ML STAC Collection Specification 🤖

Overview 📜

This document explains the structure and content of the ML Collection extension. An ML-STAC Collection is simply an STAC Collection with additional fields (i.e. extensions). The STAC Collection Specification defines a set of common fields to describe a group of Items that share properties and metadata. These fields encompass vital information about the tensor structure, the tasks, the providers, the data quality, etc. Most of this fields are estimated automatically from the ML-STAC Items, but others are required to be manually configured by the data provider. It is important to note that the ML-STAC Catalog and ML-STAC Item do not comply with the STAC specification, in favour of having a structure that is more intuitive and efficient in ML workflows. To create an ML-STAC Collection, you only need to comply with both the STAC Collection and ML-STAC Collection REQUIRED fields:

About the STAC fields 🛠️

These fields are obtained from the STAC Collection specification v1.0.0-rc.4. For further details on how to create an STAC Collection, please refer to the STAC Collection specification

Element	Type	Description
type	string	REQUIRED. Must be set to `Collection` to be a valid Collection.
stac_version	string	REQUIRED. The STAC version the Collection implements.
id	string	REQUIRED. A unique identifier string.
description	string	REQUIRED. Detailed multi-line description to fully explain the Collection. CommonMark 0.29 syntax MAY be used for rich text representation.
license	string	REQUIRED. Collection's license(s), either an SPDX License identifier, `various` if multiple licenses apply or `proprietary` for all other cases.
extent	Extent Object	REQUIRED. Spatial and temporal extents.
links	Link Object	REQUIRED. A list of references to other documents.
keywords	[string]	OPTIONAL. List of keywords describing the Collection.
providers	Provider Object	OPTIONAL. A list of providers, which may include all organizations capturing or processing the data or the hosting provider. Providers should be listed in chronological order with the most recent provider being the last element of the list.
keywords	[string]	OPTIONAL. List of keywords describing the Collection.

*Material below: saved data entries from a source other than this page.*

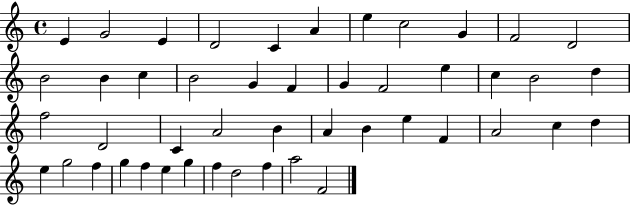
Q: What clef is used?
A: treble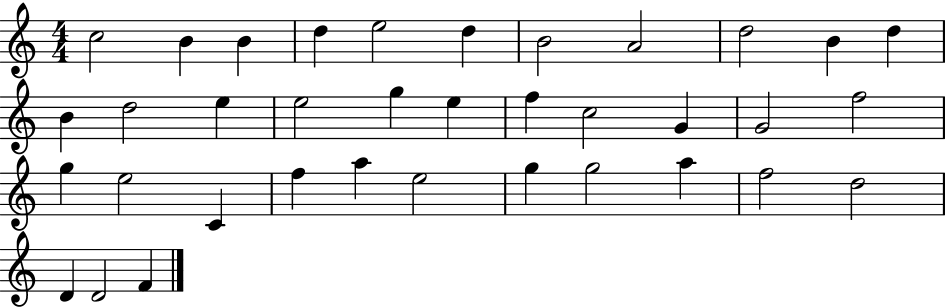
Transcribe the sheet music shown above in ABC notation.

X:1
T:Untitled
M:4/4
L:1/4
K:C
c2 B B d e2 d B2 A2 d2 B d B d2 e e2 g e f c2 G G2 f2 g e2 C f a e2 g g2 a f2 d2 D D2 F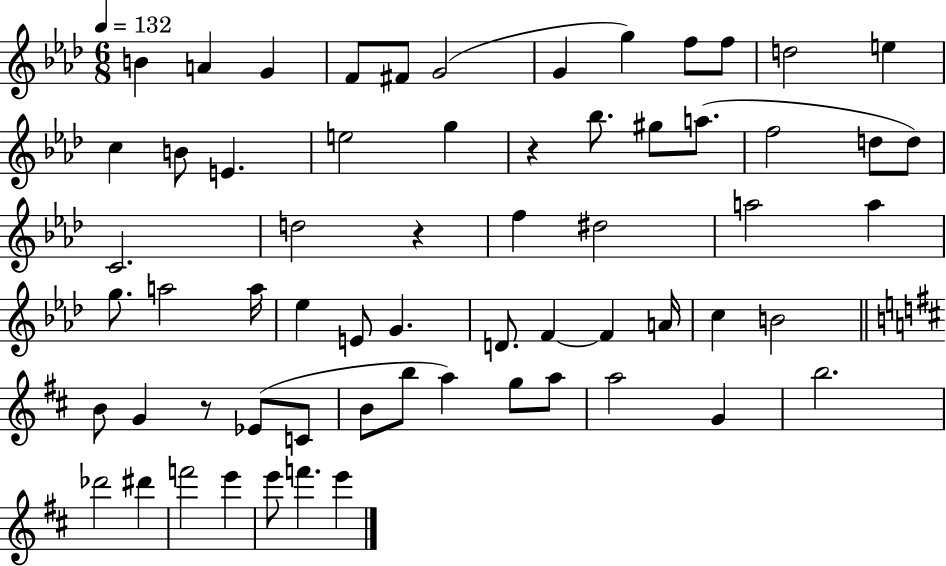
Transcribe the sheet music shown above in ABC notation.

X:1
T:Untitled
M:6/8
L:1/4
K:Ab
B A G F/2 ^F/2 G2 G g f/2 f/2 d2 e c B/2 E e2 g z _b/2 ^g/2 a/2 f2 d/2 d/2 C2 d2 z f ^d2 a2 a g/2 a2 a/4 _e E/2 G D/2 F F A/4 c B2 B/2 G z/2 _E/2 C/2 B/2 b/2 a g/2 a/2 a2 G b2 _d'2 ^d' f'2 e' e'/2 f' e'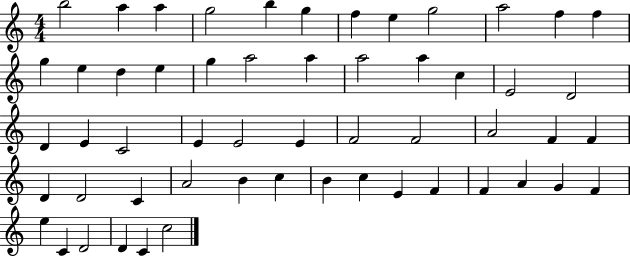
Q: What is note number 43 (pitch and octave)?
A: C5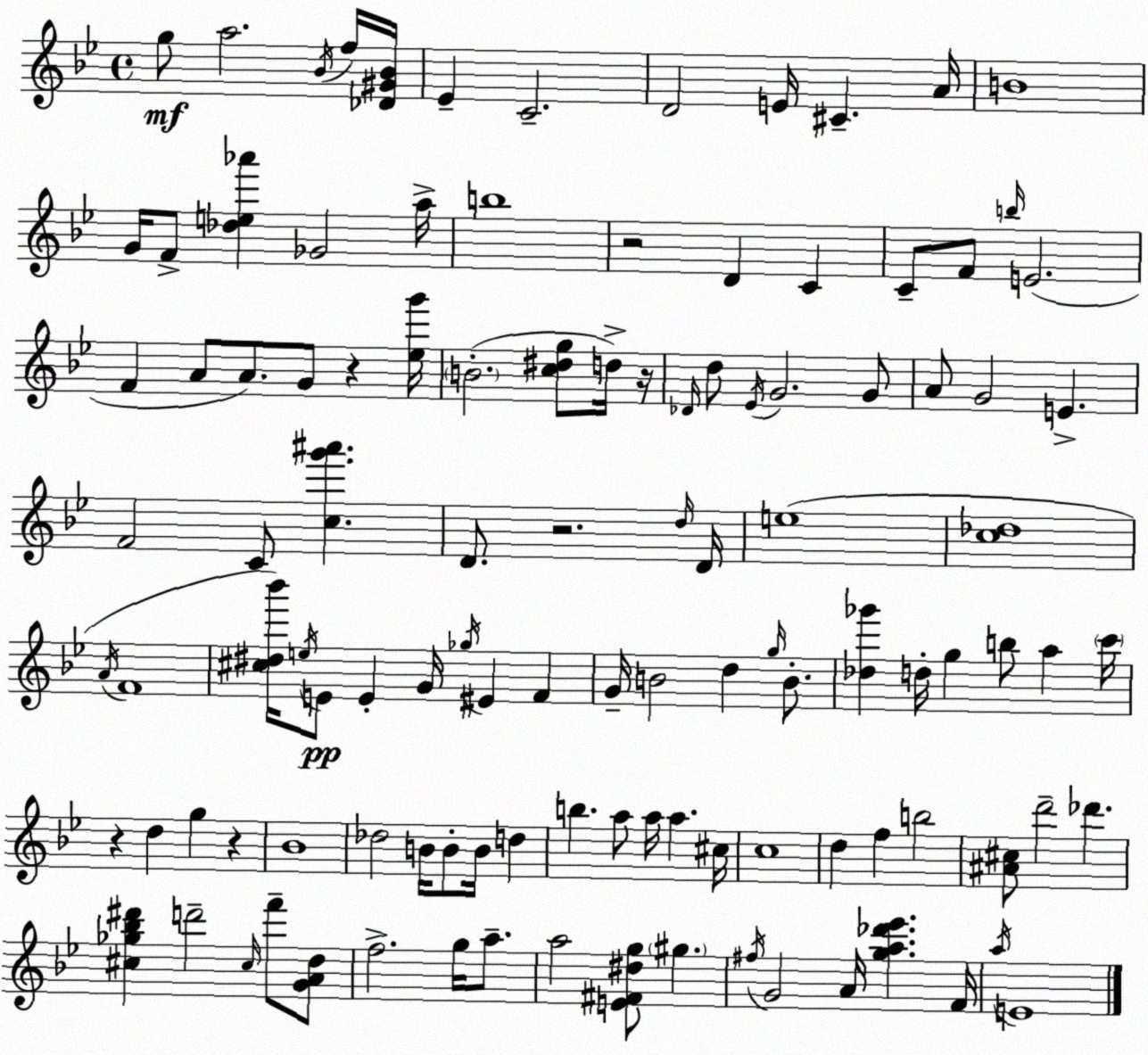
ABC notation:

X:1
T:Untitled
M:4/4
L:1/4
K:Bb
g/2 a2 _B/4 f/4 [_D^G_B]/4 _E C2 D2 E/4 ^C A/4 B4 G/4 F/2 [_de_a'] _G2 a/4 b4 z2 D C C/2 F/2 b/4 E2 F A/2 A/2 G/2 z [_eg']/4 B2 [c^dg]/2 d/4 z/4 _D/4 d/2 _E/4 G2 G/2 A/2 G2 E F2 C/2 [cg'^a'] D/2 z2 d/4 D/4 e4 [c_d]4 A/4 F4 [^c^d_b']/4 e/4 E/2 E G/4 _g/4 ^E F G/4 B2 d g/4 B/2 [_d_g'] d/4 g b/2 a c'/4 z d g z _B4 _d2 B/4 B/2 B/4 d b a/2 a/4 a ^c/4 c4 d f b2 [^A^c]/2 d'2 _d' [^c_g_b^d'] d'2 ^c/4 f'/2 [GAd]/2 f2 g/4 a/2 a2 [E^F^dg]/2 ^g ^f/4 G2 A/4 [ga_d'_e'] F/4 a/4 E4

Additional Field Information 📄

stac_version 📜

In general, STAC versions can be mixed, but please keep the recommended best practices in mind.

stac_extensions 🧩

The ML STAC Collection depends on the following extensions:

File extension: Provides a way to specify file-related details such as checksum and size for the dataset.
Datacube extension: Provides a way to specify the tensor dimensions.
classification extension: Provides a way to specify the classification scheme of the dataset. Useful for classification, object detection, semantic segmentation, instance segmentation, and panoptic segmentation tasks.
projection extension: Provides a way to specify the projection of the dataset.

Extent Object 🌍

More information about this field can be found in the STAC Collection specification Extent Object section.

Link Object 🔗

ML-STAC Collection does not need to define a relashionship with another entity. Therefore the rel field must be set to self. A detailed description of the Link Object can be found in the STAC Collection specification.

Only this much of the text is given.